Task prompt: Pictures are to be omitted. Output only the lines from the one containing "Heart-shaped amethyst love" through the end of the data, word for word.

Materials provided:
= Beginning of Section =

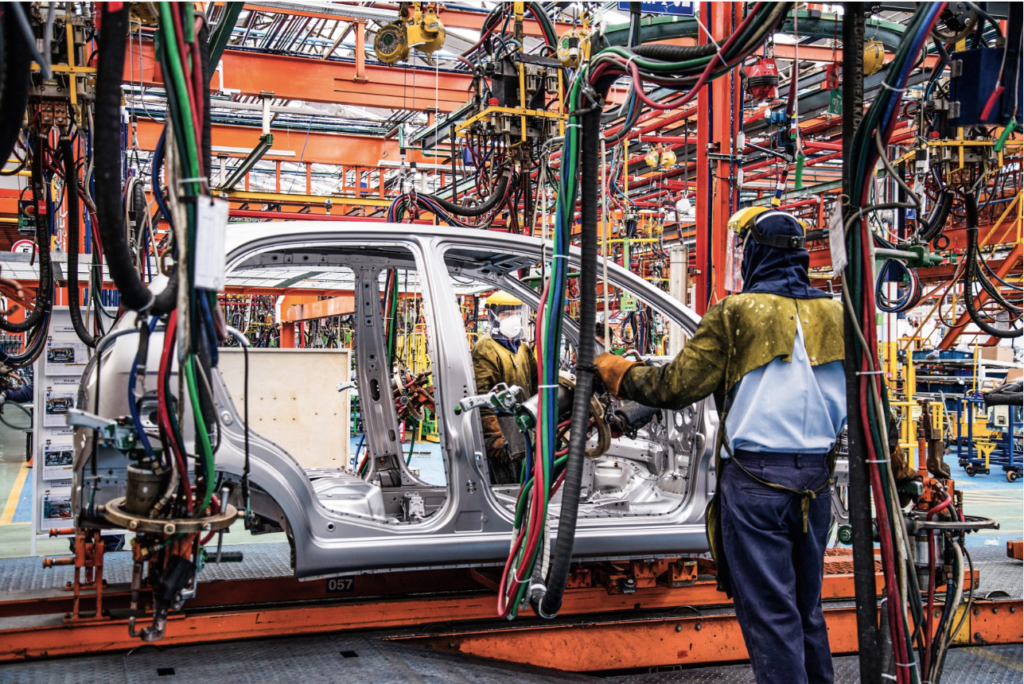 Workers assembling vehicles inside an automobile manufacturing facility.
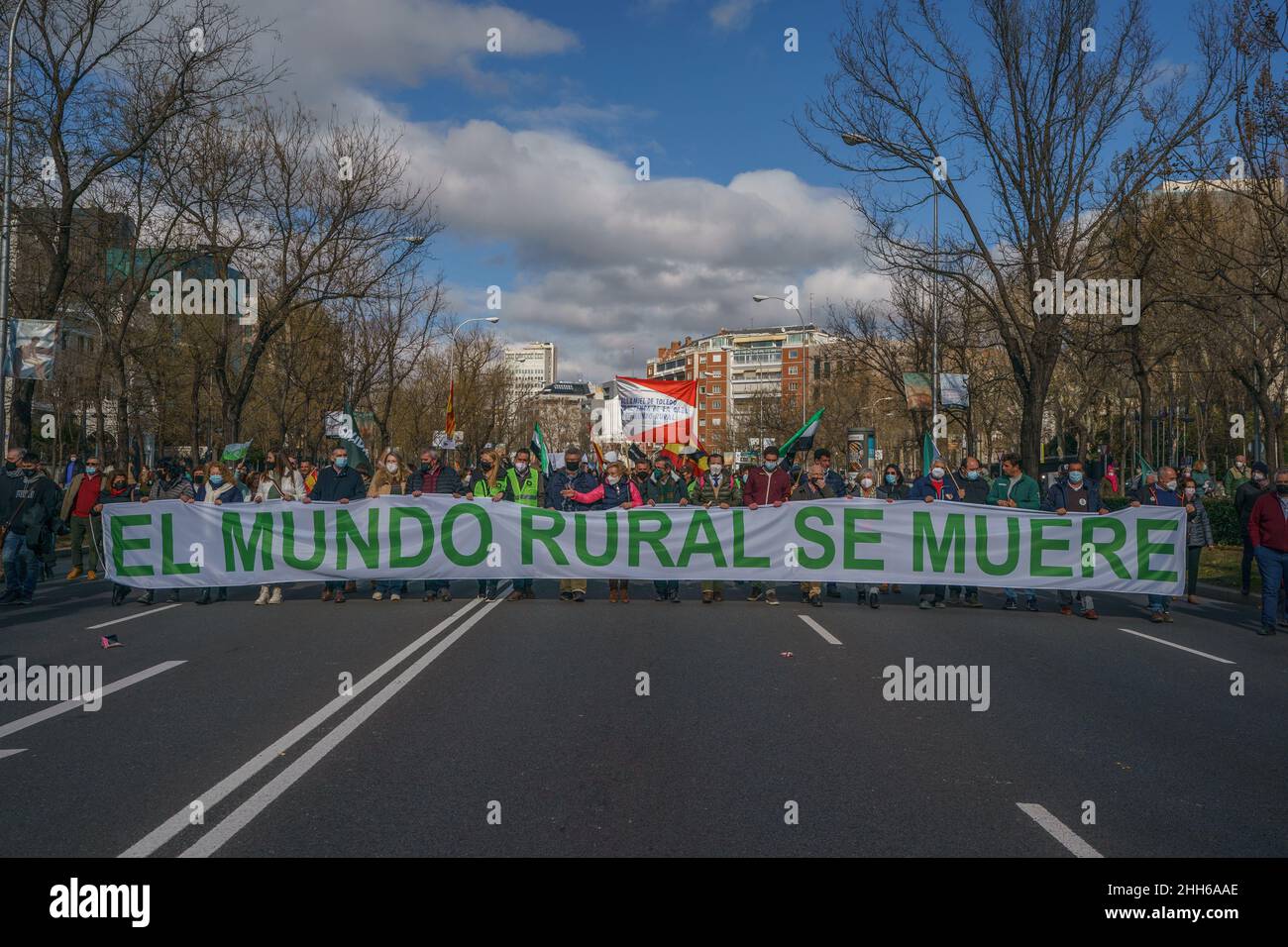 Madrid, Spain. 23rd Jan, 2022. Demonstrators hold a banner that says 'the rural world is dying' during the protest.The association Alma Rural has called the protest under the name of the 'Great Demonstration of the Rural World' in response to the situation suffered by the primary sector and in order to raise awareness in society about the crisis and attacks from different fronts that supports the field and the people working in the sector. In addition, the protest was attended by the sectors and groups affected by the future animal protection law. Credit: SOPA Images Limited/Alamy Live News Stock Photo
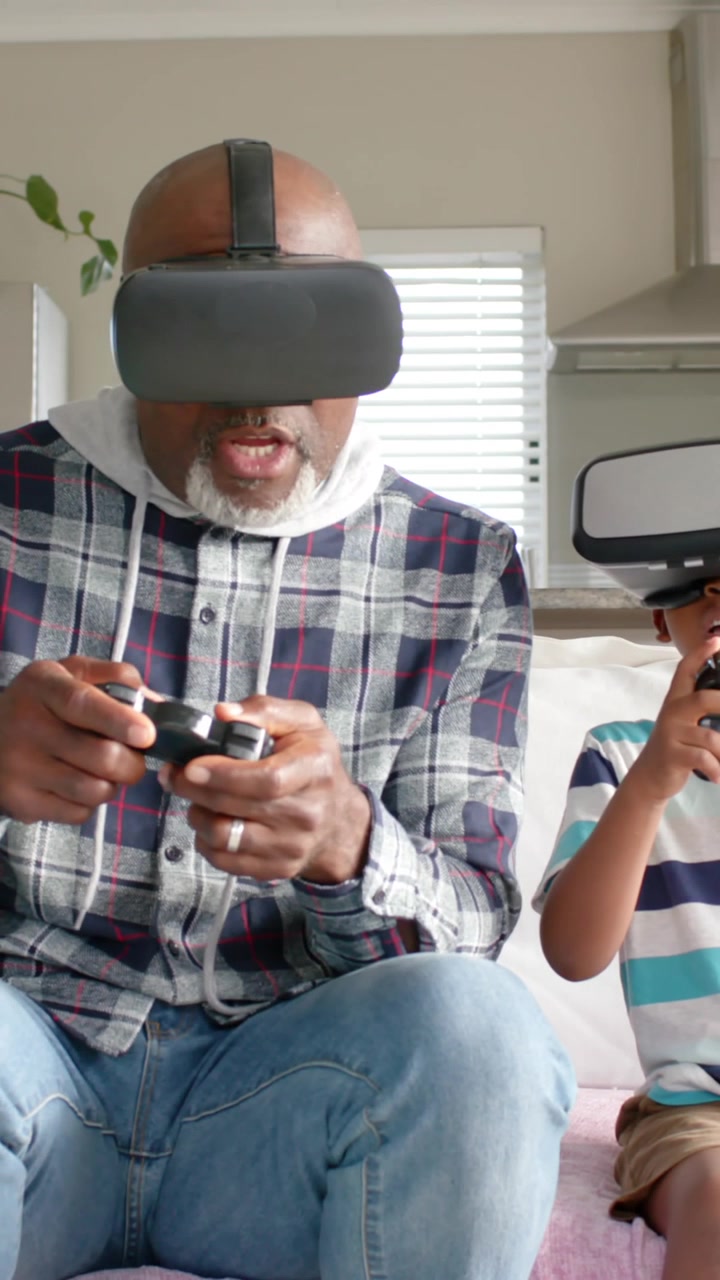 Video verticale: Anziano uomo afroamericano e un ragazzo che giocano a un gioco VR sul divano, tenendo i controller.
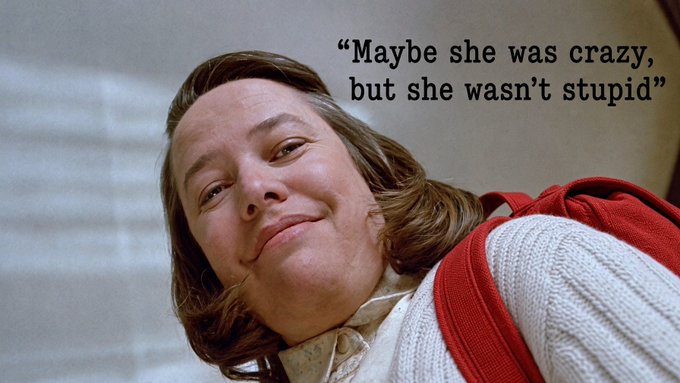 A still from a film showing a smiling woman with brown hair wearing a red vest over a cream sweater, with the quote 'Maybe she was crazy, but she wasn't stupid' displayed in the upper right corner.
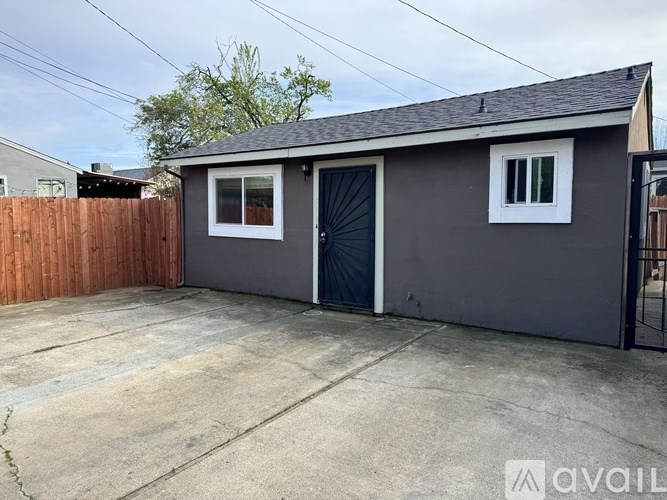 A gray house with a black door and a window is available for rent.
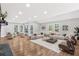 Expansive living room featuring hardwood floors, neutral furniture, stone fireplace and bright windows at 100 Little Ridge Rd, Berkeley Lake, GA 30096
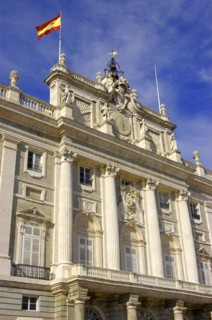 SPAIN, Madrid, Angled view looking up at the Palacio Real facade with the Spanish flag flying from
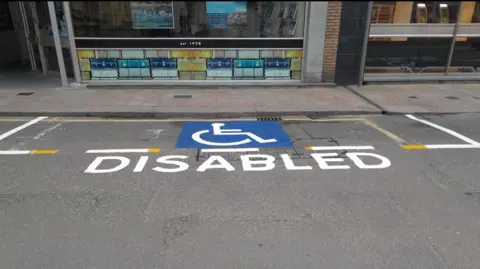 Government of Jersey A parking space with fresh painting of a disabled blue symbol with DISABLED painted in white below on the road, with a stone paved path behind and buildings.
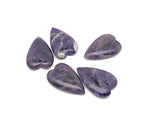 Heart-shaped amethyst love crystal pendant with a polished gemstone, showcasing a vibrant purple hue and intricate carving.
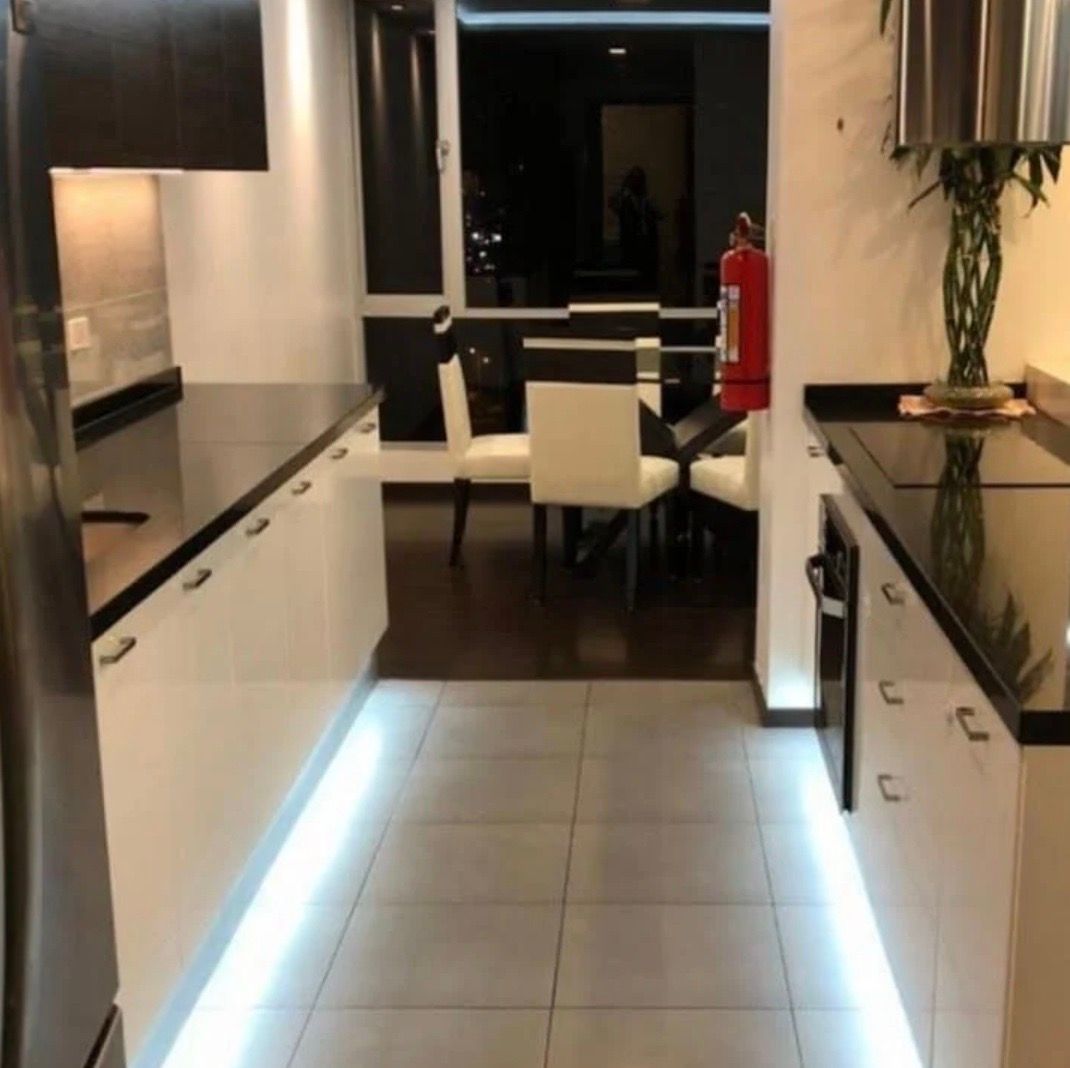 A kitchen with a fire extinguisher on the counter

= End of Section =

Response to this task:
 Heart-shaped amethyst love crystal pendant with a polished gemstone, showcasing a vibrant purple hue and intricate carving.
 A kitchen with a fire extinguisher on the counter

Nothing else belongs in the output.